Identified clades include:
- Subfamily Rosoideae: Traditionally composed of those genera bearing small fruits, each of which is an achene or drupelet, and often the fleshy part of the fruit (e.g. Strawberry) is the hypanthium or the stalk bearing the carpels. The circumscription is now narrowed (excluding, for example, the tribe Dryadeae), but it still remains a diverse group containing 5 or 6 tribes and 20 or more genera. Rose, blackberry, raspberry, strawberry, Potentilla, Geum.
- Subfamily Spiraeoideae: Traditionally those genera which bear non-fleshy fruits consisting of five capsules. Now perhaps to be restricted to Spiraea and Sorbaria and their respective allies.
- Subfamily Maloideae (or Pomoideae): Traditionally this includes those genera (apple, cotoneaster, hawthorn, pear, quince, rowan, whitebeam, etc.), whose fruits consist of five capsules (called "cores") in a fleshy endocarp, surrounded by the ripened stem tissue. This fruit is called a pome. To these are added the woody genera Lindleya and Vauquelinia, which share a haploid chromosome count of 17 (x=17) with the pomiferous genera, Kageneckia, in which x=15, and the herbaceous genus Gillenia (x=9), which is the sibling to the remaining maloids.

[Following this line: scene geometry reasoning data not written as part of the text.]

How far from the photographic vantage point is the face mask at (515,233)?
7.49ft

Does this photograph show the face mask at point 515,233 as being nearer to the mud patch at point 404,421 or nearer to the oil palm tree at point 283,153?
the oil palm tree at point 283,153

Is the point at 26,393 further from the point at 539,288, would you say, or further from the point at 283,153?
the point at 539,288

- Subfamily Amygdaloideae (or Prunoideae): Traditionally those genera whose fruits consist of a single drupe with a seam, two veins next to the seam, and one vein opposite the seam. Now extended to include the five genera Exochorda, Maddenia, Oemleria, Prinsepia and Prunus (plum, peach, almond, cherry, apricot).

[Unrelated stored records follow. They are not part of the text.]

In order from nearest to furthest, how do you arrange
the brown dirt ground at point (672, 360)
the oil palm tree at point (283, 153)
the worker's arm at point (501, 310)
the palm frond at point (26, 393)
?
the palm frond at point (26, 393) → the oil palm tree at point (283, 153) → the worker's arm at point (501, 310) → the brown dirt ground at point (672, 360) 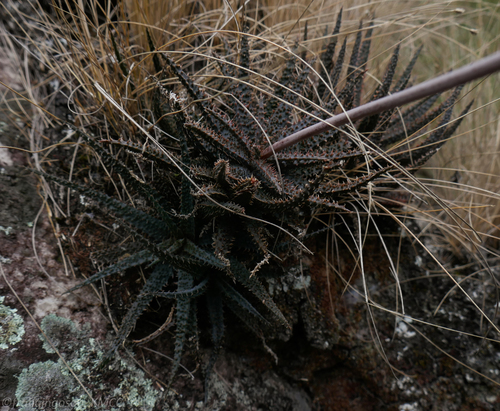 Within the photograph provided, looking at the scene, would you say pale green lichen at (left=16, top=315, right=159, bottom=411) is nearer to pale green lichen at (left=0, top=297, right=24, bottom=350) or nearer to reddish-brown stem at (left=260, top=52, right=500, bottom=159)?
pale green lichen at (left=0, top=297, right=24, bottom=350)

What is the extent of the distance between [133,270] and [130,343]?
253 mm

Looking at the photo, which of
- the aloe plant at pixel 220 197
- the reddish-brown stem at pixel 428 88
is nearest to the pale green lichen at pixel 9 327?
Answer: the aloe plant at pixel 220 197

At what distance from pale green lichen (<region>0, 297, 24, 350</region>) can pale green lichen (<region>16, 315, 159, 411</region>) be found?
64 mm

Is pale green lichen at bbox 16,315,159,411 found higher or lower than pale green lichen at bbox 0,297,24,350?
lower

- Tribe Dryadeae: Fruits are achenes with hairy styles. Includes five genera (Dryas, Cercocarpus, Chamaebatia, Cowania and Purshia), most species of which form root nodules which host the nitrogen-fixing bacterium Frankia.
- Tribe Neillieae: Neillia (including Stephanandra) and Physocarpus.
Amongst these groups, Neillieae appears to be the sister group to Maloideae, and Dryadeae may be a sibling group to Rosoideae. Other genera, for example Kerria, appear not to belong to any of these groups.